WHAT YOU WILL DO ▸ With both ends included, repeat exactly the lines of the entries below from the one containing "Haier HW80-B14939S8" down to the one containing "铁岭亿达节能设备有限公司", and no others.

------------------------------------------------------------------------

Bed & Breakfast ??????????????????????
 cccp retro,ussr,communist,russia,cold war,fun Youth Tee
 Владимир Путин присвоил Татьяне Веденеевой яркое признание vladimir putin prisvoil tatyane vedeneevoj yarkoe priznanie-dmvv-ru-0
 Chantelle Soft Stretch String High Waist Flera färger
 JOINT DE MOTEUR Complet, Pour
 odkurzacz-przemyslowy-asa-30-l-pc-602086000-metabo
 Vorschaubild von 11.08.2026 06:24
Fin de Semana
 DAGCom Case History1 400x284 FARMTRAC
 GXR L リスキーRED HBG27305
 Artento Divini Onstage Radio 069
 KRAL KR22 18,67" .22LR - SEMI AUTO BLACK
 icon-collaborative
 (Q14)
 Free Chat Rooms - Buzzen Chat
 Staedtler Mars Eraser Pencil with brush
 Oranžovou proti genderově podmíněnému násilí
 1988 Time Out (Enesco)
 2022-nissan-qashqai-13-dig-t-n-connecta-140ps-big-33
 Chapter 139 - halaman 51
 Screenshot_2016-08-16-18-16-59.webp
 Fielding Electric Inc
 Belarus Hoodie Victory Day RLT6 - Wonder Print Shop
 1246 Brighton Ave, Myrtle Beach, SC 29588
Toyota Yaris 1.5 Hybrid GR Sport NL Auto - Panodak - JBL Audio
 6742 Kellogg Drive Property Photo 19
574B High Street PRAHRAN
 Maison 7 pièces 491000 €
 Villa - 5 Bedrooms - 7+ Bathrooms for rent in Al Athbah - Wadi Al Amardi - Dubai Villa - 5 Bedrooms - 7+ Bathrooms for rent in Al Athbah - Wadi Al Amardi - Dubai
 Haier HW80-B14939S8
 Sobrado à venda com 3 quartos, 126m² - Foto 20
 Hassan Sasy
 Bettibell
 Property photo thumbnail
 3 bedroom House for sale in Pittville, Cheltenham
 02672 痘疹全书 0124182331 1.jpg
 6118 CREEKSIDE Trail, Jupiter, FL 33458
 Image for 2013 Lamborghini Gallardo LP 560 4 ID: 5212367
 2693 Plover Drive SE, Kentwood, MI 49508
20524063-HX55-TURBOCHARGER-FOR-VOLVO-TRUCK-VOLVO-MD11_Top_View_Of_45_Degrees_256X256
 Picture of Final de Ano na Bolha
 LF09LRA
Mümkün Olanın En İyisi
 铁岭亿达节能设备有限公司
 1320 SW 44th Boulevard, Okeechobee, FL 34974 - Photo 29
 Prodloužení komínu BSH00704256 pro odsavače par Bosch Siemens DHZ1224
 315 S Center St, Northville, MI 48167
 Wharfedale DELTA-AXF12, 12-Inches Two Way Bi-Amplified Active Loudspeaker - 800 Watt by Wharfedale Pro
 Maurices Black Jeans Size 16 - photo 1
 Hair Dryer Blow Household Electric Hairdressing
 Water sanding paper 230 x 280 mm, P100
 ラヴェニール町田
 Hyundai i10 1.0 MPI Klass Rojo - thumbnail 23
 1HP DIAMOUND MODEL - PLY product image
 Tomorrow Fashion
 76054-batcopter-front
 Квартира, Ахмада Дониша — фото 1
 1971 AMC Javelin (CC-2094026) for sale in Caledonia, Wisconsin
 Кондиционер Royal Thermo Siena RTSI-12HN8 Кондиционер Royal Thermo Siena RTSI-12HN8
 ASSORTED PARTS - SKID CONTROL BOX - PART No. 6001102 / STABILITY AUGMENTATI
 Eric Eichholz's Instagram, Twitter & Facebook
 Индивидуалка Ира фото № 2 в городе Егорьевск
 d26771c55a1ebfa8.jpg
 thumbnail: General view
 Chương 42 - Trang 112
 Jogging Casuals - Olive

------------------------------------------------------------------------

OUTPUT OF THE EXERCISE ▸
 Haier HW80-B14939S8
 Sobrado à venda com 3 quartos, 126m² - Foto 20
 Hassan Sasy
 Bettibell
 Property photo thumbnail
 3 bedroom House for sale in Pittville, Cheltenham
 02672 痘疹全书 0124182331 1.jpg
 6118 CREEKSIDE Trail, Jupiter, FL 33458
 Image for 2013 Lamborghini Gallardo LP 560 4 ID: 5212367
 2693 Plover Drive SE, Kentwood, MI 49508
20524063-HX55-TURBOCHARGER-FOR-VOLVO-TRUCK-VOLVO-MD11_Top_View_Of_45_Degrees_256X256
 Picture of Final de Ano na Bolha
 LF09LRA
Mümkün Olanın En İyisi
 铁岭亿达节能设备有限公司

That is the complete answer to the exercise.